What is needed - Beginning with the very first line, please reproduce the entries exactly through the line containing "Aerial view of".

Data items -
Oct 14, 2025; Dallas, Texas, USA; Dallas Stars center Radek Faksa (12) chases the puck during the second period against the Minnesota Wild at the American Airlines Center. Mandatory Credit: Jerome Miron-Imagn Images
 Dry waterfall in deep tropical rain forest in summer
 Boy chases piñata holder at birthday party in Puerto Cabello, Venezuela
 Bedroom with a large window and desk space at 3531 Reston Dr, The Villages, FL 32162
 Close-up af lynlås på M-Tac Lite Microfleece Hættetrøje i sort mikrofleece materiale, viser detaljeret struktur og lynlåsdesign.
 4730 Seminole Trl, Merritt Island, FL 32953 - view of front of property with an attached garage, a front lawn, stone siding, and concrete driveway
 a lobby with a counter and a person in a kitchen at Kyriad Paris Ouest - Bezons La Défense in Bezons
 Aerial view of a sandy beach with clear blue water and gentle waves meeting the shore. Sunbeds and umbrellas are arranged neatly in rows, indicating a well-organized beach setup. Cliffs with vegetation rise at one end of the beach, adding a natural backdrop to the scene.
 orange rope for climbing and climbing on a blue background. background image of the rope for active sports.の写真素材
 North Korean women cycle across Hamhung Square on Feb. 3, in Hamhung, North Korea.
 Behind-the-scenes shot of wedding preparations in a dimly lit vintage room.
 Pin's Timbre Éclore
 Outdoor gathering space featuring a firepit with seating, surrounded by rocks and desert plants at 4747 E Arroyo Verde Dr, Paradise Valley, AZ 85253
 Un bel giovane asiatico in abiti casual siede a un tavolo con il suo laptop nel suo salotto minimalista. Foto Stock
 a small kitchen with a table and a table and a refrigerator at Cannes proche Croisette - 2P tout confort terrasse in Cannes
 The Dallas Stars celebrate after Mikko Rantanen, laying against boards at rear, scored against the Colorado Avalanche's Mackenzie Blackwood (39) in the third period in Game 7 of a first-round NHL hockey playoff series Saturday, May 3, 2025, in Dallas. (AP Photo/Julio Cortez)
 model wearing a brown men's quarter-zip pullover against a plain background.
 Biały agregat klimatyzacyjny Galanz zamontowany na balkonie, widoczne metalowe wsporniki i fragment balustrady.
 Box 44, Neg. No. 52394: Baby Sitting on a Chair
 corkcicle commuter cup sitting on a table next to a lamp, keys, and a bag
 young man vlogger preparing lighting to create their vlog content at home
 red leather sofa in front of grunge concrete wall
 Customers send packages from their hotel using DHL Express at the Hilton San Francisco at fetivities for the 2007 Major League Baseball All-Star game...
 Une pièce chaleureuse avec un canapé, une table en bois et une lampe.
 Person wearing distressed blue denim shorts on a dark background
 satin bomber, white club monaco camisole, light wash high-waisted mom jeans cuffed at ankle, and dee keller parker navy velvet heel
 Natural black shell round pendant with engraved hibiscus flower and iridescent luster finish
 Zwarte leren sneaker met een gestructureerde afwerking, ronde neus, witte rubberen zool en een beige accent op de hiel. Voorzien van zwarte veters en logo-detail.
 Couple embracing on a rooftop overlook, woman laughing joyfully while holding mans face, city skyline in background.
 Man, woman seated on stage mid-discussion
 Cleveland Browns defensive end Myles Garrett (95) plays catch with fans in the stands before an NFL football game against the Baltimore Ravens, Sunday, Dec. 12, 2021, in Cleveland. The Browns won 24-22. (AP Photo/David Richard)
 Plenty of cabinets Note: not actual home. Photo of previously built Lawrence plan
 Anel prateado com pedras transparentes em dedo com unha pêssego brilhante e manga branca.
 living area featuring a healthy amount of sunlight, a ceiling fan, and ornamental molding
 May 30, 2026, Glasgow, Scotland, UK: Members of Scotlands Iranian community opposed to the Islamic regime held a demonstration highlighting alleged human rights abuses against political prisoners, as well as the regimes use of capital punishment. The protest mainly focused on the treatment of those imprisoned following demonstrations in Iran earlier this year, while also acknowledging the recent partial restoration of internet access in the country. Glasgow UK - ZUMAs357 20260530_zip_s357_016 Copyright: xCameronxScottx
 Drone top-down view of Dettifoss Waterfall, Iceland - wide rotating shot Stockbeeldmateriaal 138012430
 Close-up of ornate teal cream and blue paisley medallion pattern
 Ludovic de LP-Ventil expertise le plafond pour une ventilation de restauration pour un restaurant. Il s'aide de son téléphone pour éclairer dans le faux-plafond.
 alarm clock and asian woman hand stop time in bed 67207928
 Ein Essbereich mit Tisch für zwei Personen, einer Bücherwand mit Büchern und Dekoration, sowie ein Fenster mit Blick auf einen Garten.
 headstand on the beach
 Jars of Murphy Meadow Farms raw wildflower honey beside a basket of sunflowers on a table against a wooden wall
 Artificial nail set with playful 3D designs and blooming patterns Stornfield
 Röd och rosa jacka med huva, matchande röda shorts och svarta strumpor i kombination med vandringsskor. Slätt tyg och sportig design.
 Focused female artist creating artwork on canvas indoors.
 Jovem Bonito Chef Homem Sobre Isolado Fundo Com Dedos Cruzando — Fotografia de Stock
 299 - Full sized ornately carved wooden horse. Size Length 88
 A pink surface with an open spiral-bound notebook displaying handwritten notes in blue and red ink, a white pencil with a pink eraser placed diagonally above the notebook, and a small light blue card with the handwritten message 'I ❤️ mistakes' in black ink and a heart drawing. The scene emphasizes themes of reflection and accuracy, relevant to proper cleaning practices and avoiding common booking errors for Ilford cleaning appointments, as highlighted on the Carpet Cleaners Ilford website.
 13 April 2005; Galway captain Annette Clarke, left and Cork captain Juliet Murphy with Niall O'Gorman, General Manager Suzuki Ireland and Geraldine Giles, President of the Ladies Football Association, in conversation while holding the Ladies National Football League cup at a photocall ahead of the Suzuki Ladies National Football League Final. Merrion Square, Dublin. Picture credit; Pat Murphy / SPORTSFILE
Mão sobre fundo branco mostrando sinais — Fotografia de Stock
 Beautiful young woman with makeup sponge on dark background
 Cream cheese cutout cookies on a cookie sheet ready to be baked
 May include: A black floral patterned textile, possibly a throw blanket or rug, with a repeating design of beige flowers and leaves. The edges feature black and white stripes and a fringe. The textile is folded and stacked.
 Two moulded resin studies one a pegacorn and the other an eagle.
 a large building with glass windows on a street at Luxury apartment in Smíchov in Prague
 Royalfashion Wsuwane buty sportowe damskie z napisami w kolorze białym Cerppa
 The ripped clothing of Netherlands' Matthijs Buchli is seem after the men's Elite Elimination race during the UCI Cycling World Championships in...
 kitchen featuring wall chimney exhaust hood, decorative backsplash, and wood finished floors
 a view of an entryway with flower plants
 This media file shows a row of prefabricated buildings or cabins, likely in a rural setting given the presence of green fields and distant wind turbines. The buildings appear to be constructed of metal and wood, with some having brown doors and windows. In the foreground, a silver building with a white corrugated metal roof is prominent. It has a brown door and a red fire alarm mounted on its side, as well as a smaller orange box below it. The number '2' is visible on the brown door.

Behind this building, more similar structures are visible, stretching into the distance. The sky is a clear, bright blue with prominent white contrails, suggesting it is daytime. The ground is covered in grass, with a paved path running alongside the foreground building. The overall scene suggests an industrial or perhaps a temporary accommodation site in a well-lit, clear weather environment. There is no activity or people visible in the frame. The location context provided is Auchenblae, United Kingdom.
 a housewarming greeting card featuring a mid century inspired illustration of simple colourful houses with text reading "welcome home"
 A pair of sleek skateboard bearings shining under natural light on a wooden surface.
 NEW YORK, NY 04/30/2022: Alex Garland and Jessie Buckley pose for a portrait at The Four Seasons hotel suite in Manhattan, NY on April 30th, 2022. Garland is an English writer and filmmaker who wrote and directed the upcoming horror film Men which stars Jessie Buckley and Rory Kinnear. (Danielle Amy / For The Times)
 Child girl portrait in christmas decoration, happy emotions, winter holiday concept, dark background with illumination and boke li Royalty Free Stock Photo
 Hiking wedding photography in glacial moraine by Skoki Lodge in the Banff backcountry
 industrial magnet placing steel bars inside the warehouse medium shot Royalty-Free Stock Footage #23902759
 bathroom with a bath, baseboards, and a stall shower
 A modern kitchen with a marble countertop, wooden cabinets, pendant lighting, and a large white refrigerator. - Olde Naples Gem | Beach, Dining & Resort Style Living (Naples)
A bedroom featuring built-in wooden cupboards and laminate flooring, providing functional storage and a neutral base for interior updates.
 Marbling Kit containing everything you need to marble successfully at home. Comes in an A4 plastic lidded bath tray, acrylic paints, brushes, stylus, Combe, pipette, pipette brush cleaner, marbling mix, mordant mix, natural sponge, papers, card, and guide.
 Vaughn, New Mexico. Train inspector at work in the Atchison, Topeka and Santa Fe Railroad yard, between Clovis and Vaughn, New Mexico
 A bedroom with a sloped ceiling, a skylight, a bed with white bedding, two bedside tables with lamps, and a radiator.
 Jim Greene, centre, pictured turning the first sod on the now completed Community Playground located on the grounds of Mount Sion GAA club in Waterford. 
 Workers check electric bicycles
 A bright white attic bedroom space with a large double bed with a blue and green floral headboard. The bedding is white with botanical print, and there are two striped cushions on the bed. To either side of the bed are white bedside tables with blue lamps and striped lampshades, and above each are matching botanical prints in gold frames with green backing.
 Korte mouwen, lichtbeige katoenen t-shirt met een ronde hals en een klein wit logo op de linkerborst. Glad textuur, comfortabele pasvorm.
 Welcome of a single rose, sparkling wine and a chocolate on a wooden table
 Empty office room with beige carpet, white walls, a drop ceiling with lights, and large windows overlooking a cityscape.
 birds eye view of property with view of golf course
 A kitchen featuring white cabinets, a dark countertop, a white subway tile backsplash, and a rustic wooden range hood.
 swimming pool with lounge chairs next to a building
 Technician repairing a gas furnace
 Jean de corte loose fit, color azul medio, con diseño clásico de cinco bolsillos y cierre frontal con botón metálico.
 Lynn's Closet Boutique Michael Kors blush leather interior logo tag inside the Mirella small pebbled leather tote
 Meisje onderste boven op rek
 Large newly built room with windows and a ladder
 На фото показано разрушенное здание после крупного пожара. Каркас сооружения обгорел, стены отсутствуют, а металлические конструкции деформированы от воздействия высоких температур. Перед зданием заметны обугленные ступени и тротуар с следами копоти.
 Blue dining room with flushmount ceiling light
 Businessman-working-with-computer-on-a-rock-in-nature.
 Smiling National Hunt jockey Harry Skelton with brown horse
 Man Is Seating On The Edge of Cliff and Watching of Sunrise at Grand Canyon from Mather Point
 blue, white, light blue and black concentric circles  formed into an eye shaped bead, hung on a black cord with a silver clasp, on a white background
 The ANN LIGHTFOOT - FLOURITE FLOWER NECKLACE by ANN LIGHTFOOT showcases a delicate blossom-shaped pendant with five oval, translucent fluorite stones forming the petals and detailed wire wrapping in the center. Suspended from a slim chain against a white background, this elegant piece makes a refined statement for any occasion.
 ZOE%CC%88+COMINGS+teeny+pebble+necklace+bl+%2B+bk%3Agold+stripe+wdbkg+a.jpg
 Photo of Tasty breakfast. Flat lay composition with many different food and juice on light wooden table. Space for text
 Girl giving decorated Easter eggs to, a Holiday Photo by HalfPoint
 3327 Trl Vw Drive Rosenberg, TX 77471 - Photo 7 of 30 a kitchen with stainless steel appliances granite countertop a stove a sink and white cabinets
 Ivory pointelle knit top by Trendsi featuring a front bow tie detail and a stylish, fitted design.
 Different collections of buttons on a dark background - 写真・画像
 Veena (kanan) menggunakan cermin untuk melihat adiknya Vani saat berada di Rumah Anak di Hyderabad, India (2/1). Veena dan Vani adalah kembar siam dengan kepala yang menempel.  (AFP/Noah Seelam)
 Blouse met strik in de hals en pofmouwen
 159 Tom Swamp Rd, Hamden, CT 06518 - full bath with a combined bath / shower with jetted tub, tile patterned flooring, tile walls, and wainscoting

Answer to this exercise -
Oct 14, 2025; Dallas, Texas, USA; Dallas Stars center Radek Faksa (12) chases the puck during the second period against the Minnesota Wild at the American Airlines Center. Mandatory Credit: Jerome Miron-Imagn Images
 Dry waterfall in deep tropical rain forest in summer
 Boy chases piñata holder at birthday party in Puerto Cabello, Venezuela
 Bedroom with a large window and desk space at 3531 Reston Dr, The Villages, FL 32162
 Close-up af lynlås på M-Tac Lite Microfleece Hættetrøje i sort mikrofleece materiale, viser detaljeret struktur og lynlåsdesign.
 4730 Seminole Trl, Merritt Island, FL 32953 - view of front of property with an attached garage, a front lawn, stone siding, and concrete driveway
 a lobby with a counter and a person in a kitchen at Kyriad Paris Ouest - Bezons La Défense in Bezons
 Aerial view of a sandy beach with clear blue water and gentle waves meeting the shore. Sunbeds and umbrellas are arranged neatly in rows, indicating a well-organized beach setup. Cliffs with vegetation rise at one end of the beach, adding a natural backdrop to the scene.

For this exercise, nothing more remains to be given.